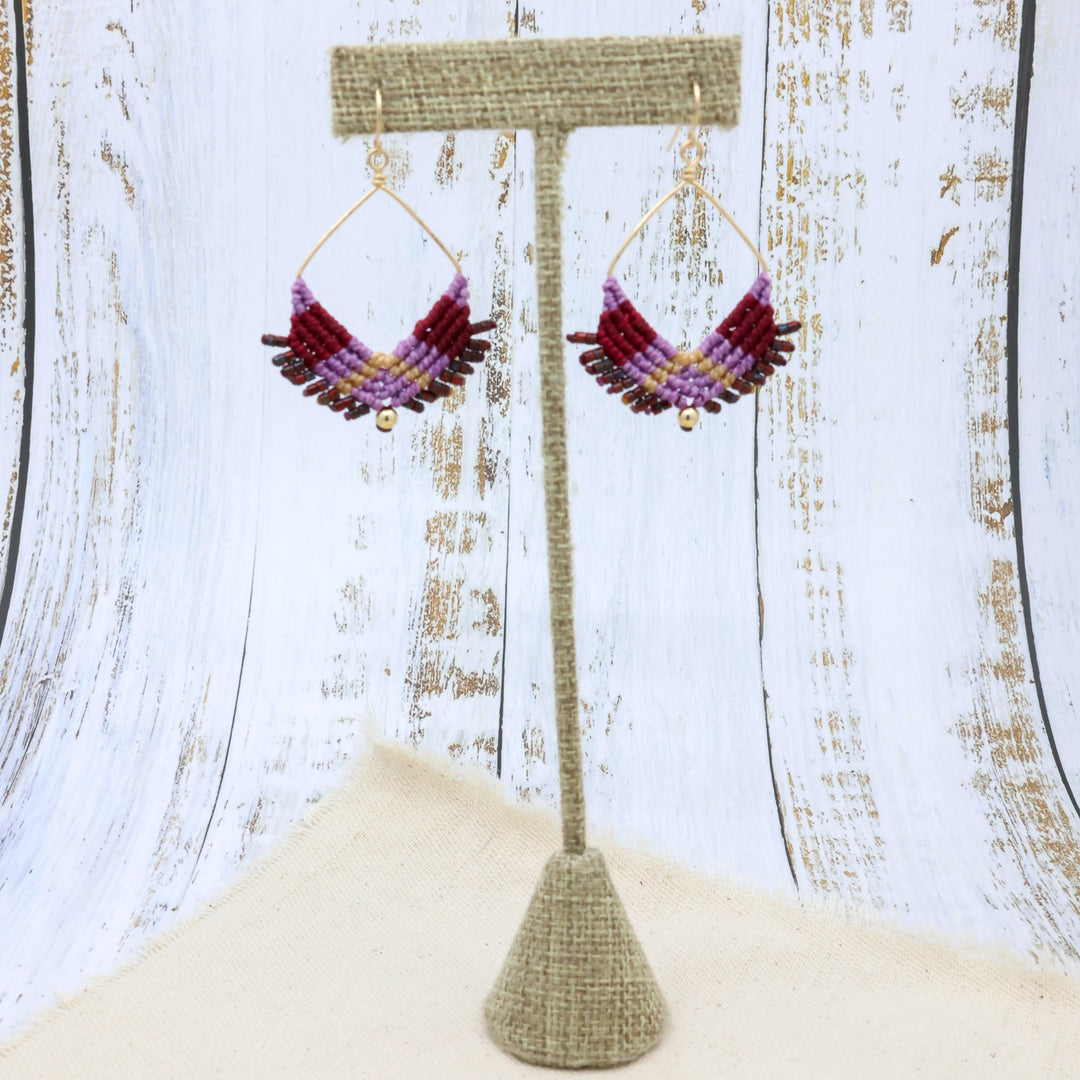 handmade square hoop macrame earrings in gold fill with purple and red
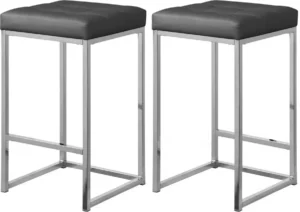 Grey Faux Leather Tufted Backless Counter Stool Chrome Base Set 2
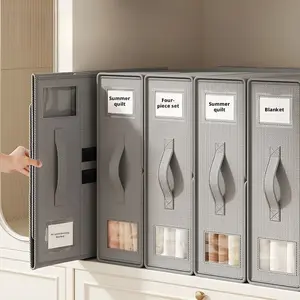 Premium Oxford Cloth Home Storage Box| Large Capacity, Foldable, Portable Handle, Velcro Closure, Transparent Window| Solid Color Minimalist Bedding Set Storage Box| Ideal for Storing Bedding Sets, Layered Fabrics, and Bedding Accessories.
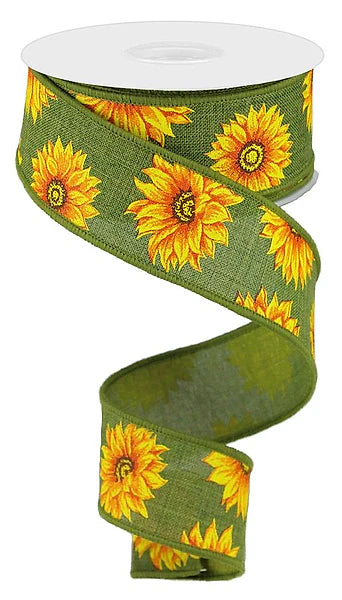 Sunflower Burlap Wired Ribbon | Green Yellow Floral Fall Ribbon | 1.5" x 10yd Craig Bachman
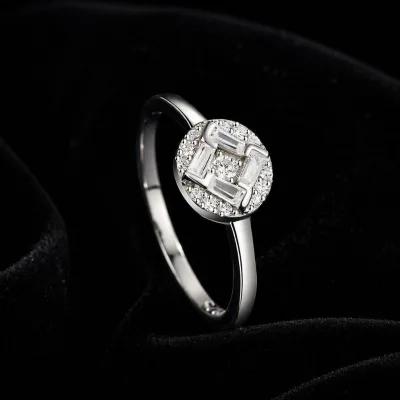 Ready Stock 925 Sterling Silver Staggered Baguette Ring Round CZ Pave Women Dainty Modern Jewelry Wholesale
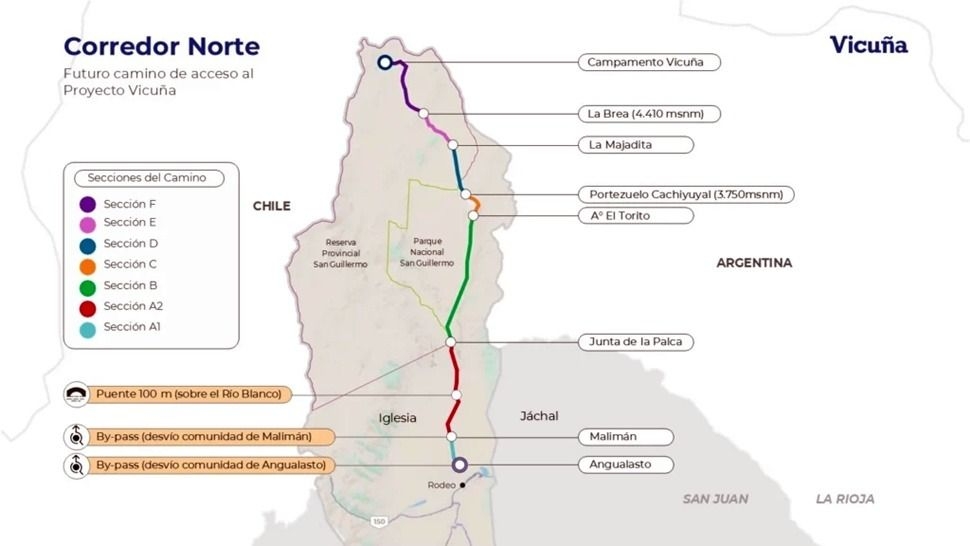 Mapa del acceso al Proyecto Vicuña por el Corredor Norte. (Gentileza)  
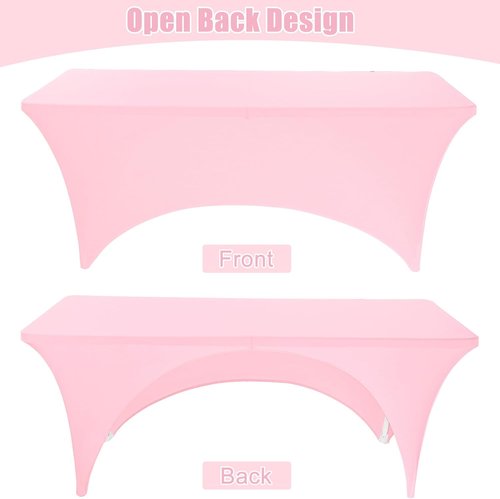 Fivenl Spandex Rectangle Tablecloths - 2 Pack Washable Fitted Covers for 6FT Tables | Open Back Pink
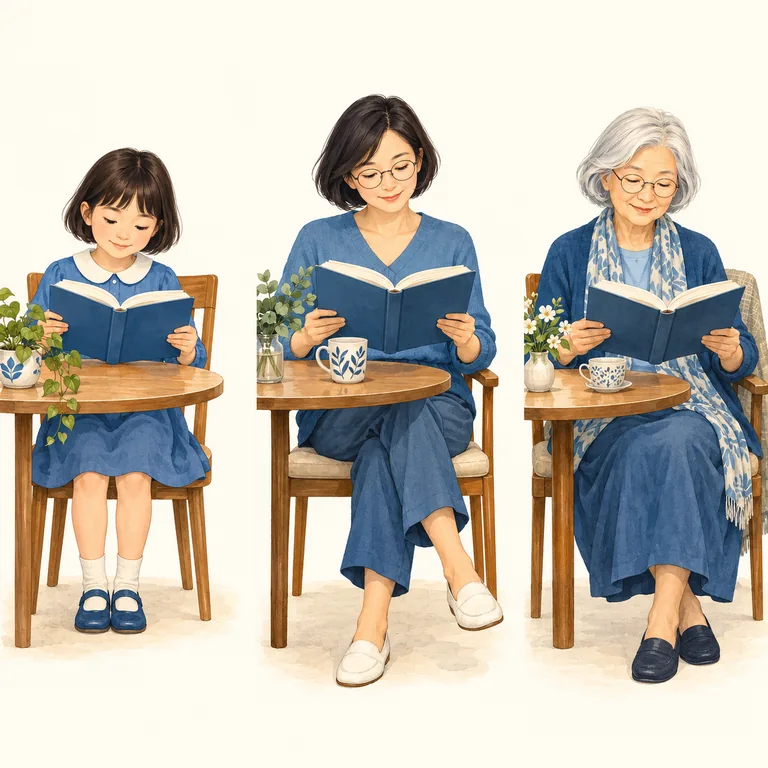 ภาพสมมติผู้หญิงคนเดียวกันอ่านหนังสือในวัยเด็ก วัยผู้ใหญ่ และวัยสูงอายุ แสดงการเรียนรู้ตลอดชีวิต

EXERCISE DESCRIPTION → Take the line containing "Ready Stock 925" as the first line and the last line of the data above as the final one, and output exactly the lines between them, inclusive, with no pictures.

EXERCISE SOLUTION →
 Ready Stock 925 Sterling Silver Staggered Baguette Ring Round CZ Pave Women Dainty Modern Jewelry Wholesale
 Mapa del acceso al Proyecto Vicuña por el Corredor Norte. (Gentileza)  
 Fivenl Spandex Rectangle Tablecloths - 2 Pack Washable Fitted Covers for 6FT Tables | Open Back Pink
 ภาพสมมติผู้หญิงคนเดียวกันอ่านหนังสือในวัยเด็ก วัยผู้ใหญ่ และวัยสูงอายุ แสดงการเรียนรู้ตลอดชีวิต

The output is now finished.